Cache deterministic queries (temperature zero); creative responses may be hurt by
caching. Set an expiration so cached answers do not go stale, and size your store
appropriately.

### Handling long conversations

LLMs have a finite context window, and naively keeping every message causes three
problems: messages may become redundant or obsolete, costs compound (each new
message carries all the old ones), and eventually the window overflows. Two memory
strategies address this:

```{list-table}
:header-rows: 1
:widths: 32 68

* - Strategy
  - How it works
* - **Conversation Buffer Window Memory**
  - Keeps only the last *k* interactions, a sliding window that prevents the
    buffer from growing without bound.
* - **Conversation Summary Memory**
  - Uses an LLM to summarize the history, preserving critical information from
    older messages while staying compact, useful for long conversations.
```

```python
memory = ConversationBufferWindowMemory(k=1)   # keep last 1 exchange
# or
memory = ConversationSummaryMemory(llm=llm)    # summarize the history
```

### Context is more than chat history

The context you put in a prompt need not be only past interactions; it can include
relevant information, external data, and human feedback. One natural extension is
**chatting with documents**, prompting with the full text of one or more
documents. But this runs straight into the LLM limitations from Module 1:
reliability and bias, the **context-window limit** (for instance, an early Nova Pro
release allowed up to 300,000 tokens), compute and memory cost, and potential
copyright issues. Feeding entire documents does not scale, which is exactly the
motivation for retrieval-augmented generation in the next chapter.
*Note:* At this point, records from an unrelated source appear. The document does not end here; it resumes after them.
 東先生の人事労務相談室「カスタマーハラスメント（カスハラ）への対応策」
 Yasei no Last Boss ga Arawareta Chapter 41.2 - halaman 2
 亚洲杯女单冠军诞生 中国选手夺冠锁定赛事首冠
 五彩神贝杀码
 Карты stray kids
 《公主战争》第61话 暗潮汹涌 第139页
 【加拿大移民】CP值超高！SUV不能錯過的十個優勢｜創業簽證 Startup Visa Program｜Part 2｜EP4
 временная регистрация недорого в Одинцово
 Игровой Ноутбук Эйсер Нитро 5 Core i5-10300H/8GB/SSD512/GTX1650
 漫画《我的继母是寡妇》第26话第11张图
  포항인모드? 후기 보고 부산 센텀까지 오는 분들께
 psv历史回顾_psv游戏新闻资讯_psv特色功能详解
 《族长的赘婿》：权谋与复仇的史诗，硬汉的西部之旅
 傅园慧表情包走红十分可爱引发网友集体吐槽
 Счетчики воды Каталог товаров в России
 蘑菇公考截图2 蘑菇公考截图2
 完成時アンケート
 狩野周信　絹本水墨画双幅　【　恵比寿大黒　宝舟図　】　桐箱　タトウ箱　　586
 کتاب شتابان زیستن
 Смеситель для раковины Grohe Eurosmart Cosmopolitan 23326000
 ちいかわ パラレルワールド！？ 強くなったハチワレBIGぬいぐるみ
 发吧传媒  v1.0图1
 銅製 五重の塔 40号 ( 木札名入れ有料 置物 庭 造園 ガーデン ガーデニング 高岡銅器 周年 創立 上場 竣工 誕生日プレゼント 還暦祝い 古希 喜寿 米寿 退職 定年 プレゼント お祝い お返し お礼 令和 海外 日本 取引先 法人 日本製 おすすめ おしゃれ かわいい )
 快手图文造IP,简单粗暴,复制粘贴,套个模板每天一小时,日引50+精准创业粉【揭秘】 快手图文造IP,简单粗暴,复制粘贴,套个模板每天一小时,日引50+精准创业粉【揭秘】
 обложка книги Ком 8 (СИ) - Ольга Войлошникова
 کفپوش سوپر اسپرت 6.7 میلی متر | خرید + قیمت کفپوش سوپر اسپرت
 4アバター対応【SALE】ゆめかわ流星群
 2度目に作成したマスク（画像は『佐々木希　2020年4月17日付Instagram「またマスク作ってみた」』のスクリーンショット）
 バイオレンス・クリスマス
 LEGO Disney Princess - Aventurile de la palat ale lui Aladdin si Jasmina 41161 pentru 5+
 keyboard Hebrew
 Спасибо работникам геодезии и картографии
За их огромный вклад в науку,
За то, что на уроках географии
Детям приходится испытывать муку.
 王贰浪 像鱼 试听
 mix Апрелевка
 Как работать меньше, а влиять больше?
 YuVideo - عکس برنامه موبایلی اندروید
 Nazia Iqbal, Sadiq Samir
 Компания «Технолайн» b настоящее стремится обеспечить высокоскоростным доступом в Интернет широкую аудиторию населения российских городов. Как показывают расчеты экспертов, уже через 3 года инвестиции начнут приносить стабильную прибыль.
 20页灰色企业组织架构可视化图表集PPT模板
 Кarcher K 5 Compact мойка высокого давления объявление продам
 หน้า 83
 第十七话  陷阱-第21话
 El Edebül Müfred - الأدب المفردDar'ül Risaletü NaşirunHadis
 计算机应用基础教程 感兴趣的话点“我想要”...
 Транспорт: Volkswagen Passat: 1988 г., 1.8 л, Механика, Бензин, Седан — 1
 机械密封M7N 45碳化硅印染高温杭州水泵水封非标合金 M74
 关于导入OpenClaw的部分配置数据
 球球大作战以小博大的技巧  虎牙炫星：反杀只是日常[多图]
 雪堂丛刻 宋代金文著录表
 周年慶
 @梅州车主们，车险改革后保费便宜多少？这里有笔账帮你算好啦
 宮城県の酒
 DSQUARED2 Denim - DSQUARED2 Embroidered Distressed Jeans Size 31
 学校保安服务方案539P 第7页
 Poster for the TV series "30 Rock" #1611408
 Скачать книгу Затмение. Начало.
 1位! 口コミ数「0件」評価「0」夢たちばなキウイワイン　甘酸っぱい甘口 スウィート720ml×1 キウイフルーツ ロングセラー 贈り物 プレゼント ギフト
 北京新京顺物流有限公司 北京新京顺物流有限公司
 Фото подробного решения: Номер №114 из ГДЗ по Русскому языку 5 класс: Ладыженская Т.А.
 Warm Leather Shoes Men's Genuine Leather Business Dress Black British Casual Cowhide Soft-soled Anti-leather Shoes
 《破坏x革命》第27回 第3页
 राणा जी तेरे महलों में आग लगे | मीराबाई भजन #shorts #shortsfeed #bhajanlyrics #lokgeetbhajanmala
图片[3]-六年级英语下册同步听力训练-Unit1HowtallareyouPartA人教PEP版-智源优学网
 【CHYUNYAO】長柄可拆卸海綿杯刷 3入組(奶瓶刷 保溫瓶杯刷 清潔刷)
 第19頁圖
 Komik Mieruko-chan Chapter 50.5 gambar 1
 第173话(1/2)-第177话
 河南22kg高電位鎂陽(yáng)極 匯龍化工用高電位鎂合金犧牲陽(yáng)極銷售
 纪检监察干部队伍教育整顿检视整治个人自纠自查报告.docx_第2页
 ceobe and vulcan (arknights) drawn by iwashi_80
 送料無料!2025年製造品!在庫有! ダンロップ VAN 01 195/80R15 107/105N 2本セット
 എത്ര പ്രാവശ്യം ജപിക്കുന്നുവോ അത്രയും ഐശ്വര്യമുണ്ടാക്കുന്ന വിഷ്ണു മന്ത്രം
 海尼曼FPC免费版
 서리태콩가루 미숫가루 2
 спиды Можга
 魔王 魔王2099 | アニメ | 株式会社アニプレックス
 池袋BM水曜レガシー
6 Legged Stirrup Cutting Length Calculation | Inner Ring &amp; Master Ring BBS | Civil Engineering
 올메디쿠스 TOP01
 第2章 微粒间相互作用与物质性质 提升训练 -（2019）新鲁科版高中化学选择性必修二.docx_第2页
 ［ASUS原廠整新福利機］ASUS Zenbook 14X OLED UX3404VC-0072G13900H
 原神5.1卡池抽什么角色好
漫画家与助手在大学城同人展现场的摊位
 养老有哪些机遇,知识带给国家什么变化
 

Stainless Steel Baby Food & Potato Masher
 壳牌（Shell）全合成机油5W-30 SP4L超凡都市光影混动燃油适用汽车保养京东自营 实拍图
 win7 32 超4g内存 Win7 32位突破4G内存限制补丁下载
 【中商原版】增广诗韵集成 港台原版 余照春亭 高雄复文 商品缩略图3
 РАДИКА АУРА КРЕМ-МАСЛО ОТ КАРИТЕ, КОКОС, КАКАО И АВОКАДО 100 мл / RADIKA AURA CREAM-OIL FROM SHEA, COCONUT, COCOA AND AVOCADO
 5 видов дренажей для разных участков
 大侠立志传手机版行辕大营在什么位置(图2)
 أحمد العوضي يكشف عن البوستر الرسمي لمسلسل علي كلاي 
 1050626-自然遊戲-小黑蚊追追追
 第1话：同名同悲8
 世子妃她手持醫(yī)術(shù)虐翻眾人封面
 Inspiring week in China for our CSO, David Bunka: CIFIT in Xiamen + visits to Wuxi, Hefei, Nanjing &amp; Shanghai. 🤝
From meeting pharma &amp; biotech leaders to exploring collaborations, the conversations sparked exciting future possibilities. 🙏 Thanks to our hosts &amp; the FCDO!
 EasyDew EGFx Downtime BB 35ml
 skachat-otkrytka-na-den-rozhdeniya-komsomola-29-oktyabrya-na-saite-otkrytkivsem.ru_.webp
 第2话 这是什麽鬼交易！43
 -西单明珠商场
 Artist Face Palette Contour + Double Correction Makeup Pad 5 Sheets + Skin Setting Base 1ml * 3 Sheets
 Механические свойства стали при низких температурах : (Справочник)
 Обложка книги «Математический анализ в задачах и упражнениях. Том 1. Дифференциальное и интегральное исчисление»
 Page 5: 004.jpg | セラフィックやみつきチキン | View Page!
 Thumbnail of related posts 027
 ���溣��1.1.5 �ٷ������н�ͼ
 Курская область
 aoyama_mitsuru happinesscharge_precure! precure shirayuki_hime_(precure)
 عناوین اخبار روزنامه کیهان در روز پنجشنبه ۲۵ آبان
```{admonition} AWS in practice
:class: note
On Amazon Bedrock you build these chatbots from chat-optimized models (Nova,
Claude, Llama, and others) through LangChain's `langchain-aws` integration.
Bedrock also offers managed conversational features, but understanding the memory
and caching mechanics here lets you reason about cost and quality whichever path
you choose.
```

## In the news

Conversational AI has moved from stateless chat toward **persistent memory**:
assistants that remember preferences across sessions, and long-context models that
hold entire documents or codebases at once. Both developments soften, but do not
eliminate, the context-window pressures in this chapter; summarization, windowing,
and retrieval remain essential for cost control even as raw context windows grow.

## Key takeaways

- **Chat models** consume a sequence of system, human, and AI messages; LangChain's
  **chat prompt templates** structure them.
- A chatbot is an **LLM + prompt template + memory**, looping retrieve, respond,
  and save.
- **Caching** cuts cost and latency for repeated, deterministic queries.
- Long conversations need **window** or **summary** memory; stuffing whole
  documents into the prompt does not scale, motivating RAG.

Next, we ground models in external data with retrieval-augmented generation.